Maternal smoking during pregnancy is well-documented to cause long-term adverse effects on the offspring’s health outcomes in multiple organs, including respiratory, neurological, and renal systems (32). However, the sex difference in such susceptibility in respiratory disorders has not been broadly studied, perhaps due to the preference of using one gender to model asthma or COPD. Here, we showed that while maternal SE induces a persistent increase in the inflammatory response in the male’s lung, females seem to be protected from such adverse maternal effects. Against our hypothesis and our observation of maternal L-carnitine supplementation in other organs, L-carnitine only provided transient protection.
In this study, male offspring from the SE dams had smaller body weight from birth to adulthood, consistent with previous studies and human birth weight suggesting the reproducibility and human relevance of our model (33, 34). Maternal SE activated inflammatory NF-kB and MAPK pathways, which were more prominent in the male offspring at P1. It is well known that cigarette smoking can induce inflammation via the MAPK signalling cascade (35), reflected by increased phosphorylation of ERK and P38 (36, 37). MAPK pathway activation can also lead to increased phosphorylation of certain transcription factors, such as NF-kB (38). In the current study, these effects in P1 male SE offspring are likely due to the chemicals including free radicals in cigarette smoke accessing the foetal circulation via the placenta. NLRP3 inflammasome activation in the male offspring at P1 is in accordance with other inflammatory pathways especially NF-kB. However, only NF-kB hyperactivation was maintained at adulthood. This may be due to a lack of a second insult after birth. As NF-kB regulates acute responses to external stimuli, its innate hyperactivation may enhance the response to postnatal environmental factors, such as an increased risk of asthma or COPD (39). This requires further investigation with additional modelling in the offspring.

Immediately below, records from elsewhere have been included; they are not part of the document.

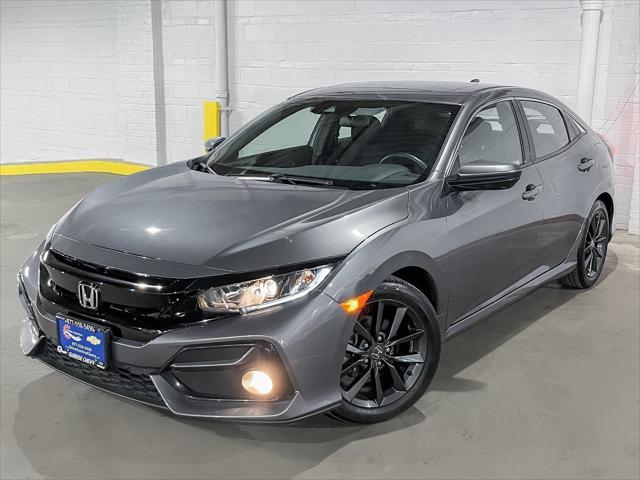 used 2021 Honda Civic car, priced at $21,890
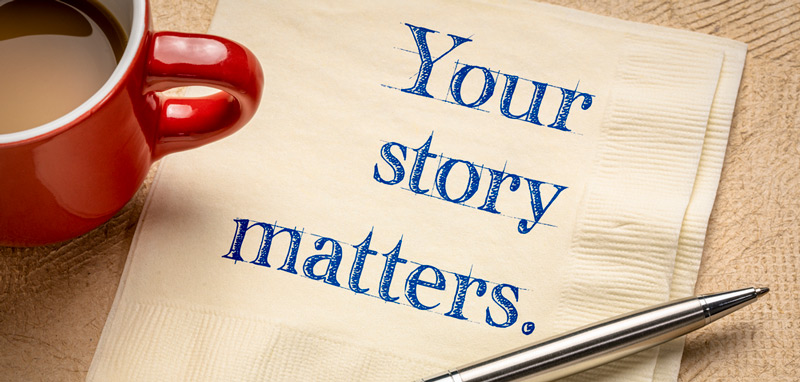 Share your story about hiding / unhiding!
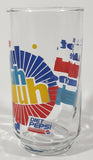 Vintage Diet Pepsi uh huh 5" Tall Glass Cup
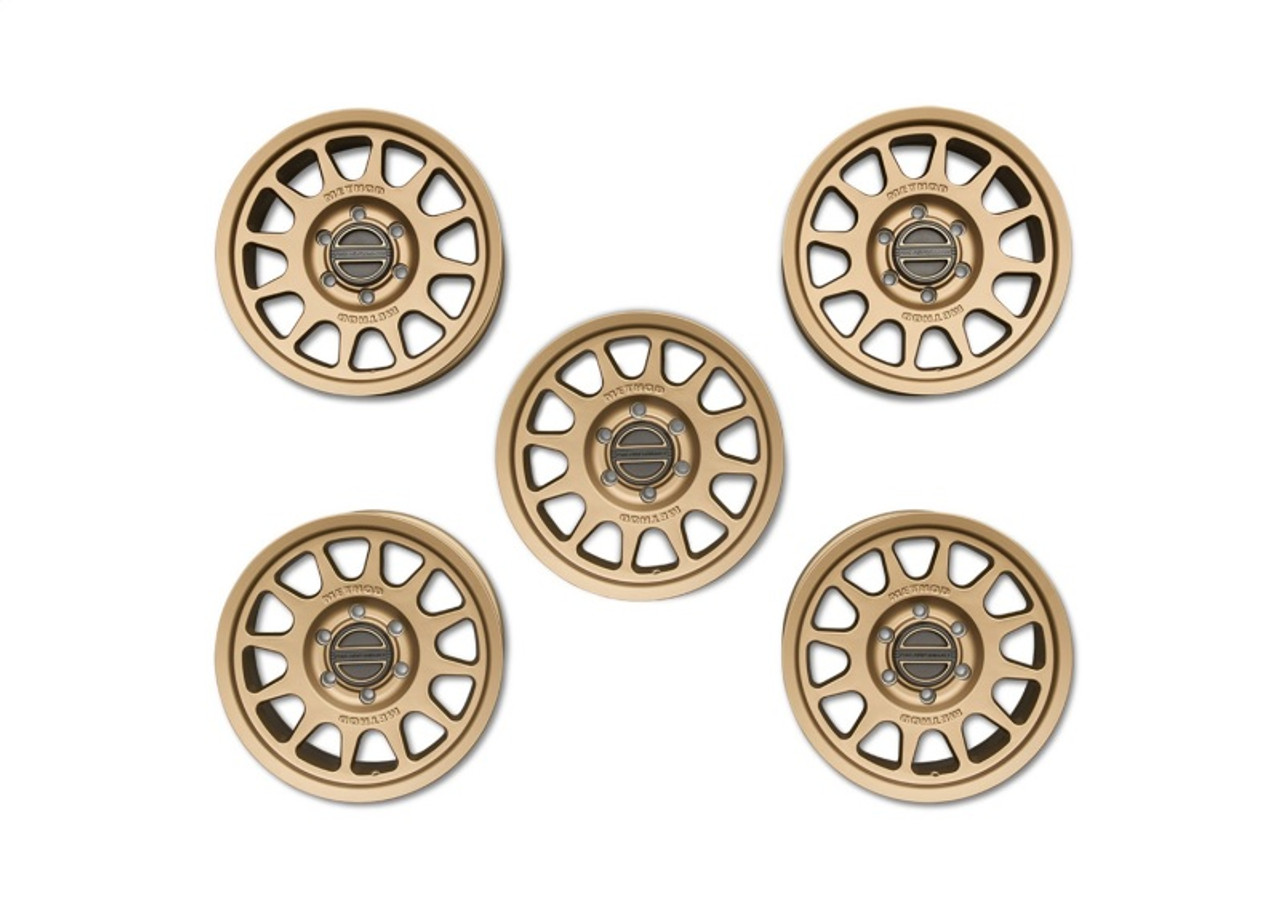Ford Racing Bronco 17x8.5in Method Wheel & Center Cap - Bronze - M-1007K-M1785KB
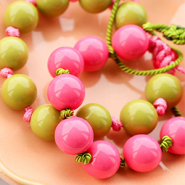 Nouveau Nouveau ! Perles acryliques tendance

It is not surprising to observe that female offspring are mostly protected from the adverse effect of maternal SE compared with the male littermates. Such a lack of response in the females is consistent with our previous observations in the brain and kidney(14, 40, 41). However, sex differences are often not analysed incomparable human studies.
A recent study found that inflammasomes can be regarded as the bridge between inflammation and mitochondrial function(42). There is increasing recognition that mitochondrial dysfunction plays a key role in the development of various diseases including COPD and arthma(24, 43, 44). Maternal smoking can induce high oxidative stress levels in the developing foetus (45) persistent until adulthood which can directly damage mitochondria(14, 46). Injured mitochondria can also induce more oxidative stress and inflammation. As such, mitophagy and autophagy are key to recycle intact mitochondrial fragments and eliminate damaged ones to maintain cellular homeostasis (47).
Increased fission maker Drp-1 and autophagosome marker LC3A/B-II in the male SE offspring at birth, suggest increased damaged mitochondria due to maternal SE. The fusion marker Opa-1 was not increased accordingly suggesting less healthy fragment can be recycled. At adulthood, only LC3A/B-II remained elevated, suggesting a higher demand to eliminate other injured cellular elements by maternal SE. This may drive the development of lung disorders in the SE offspring (48). Interestingly, mitophagy markers in the lung were not changed in the female offspring at any age, again suggesting gender-specific protection from maternal SE. These results are consistent with our previous research in other organs (13).
In vivo and in vitro studies have demonstrated that L-Carnitine can prevent oxidative stress-induced injury (49–51). In this study, maternal L-Carnitine supplementation increased the birth weight in both male and female SE offspring. This suggests that L-Carnitine can ameliorate in-utero underdevelopment caused by maternal SE. Additionally, maternal L-Carnitine supplementation exhibited some anti-inflammatory effects in newborns from the SE dams, by partially supressing NF-kB activation and NLRP3 inflammasome formation in the males as well as MAPK pathway and IL-1β in the females. This may be due to its ability to inhibit oxidative stress induced by maternal SE in utero. However, the protection of maternal L-Carnitine supplementation on the lung did not persist until adulthood, especially in the male offspring.
The effect in the lung is against our hypothesis and the protection observed in the other organs(13, 31, 52, 53). This is surprising, but may be explained by the limitation of how we assessed the lung in this study. firstly, we did not collect BAL fluid, and as such typical markers of inflammation such as cytokine levels in bronchoalveolar lavage fluid to perform inflammatory cell counts which is a more direct way to access lung inflammation. The hyperactivation of signalling cascades may represent an increased ability to respond to external stimuli such as allergens or cigarette smoke, but in and of itself may not cause lung disorders. We did not measure ROS levels, and as such whilst it is likely that L-Carnitine supplementation acts via scavenging ROS, we can not definitively say this was the case.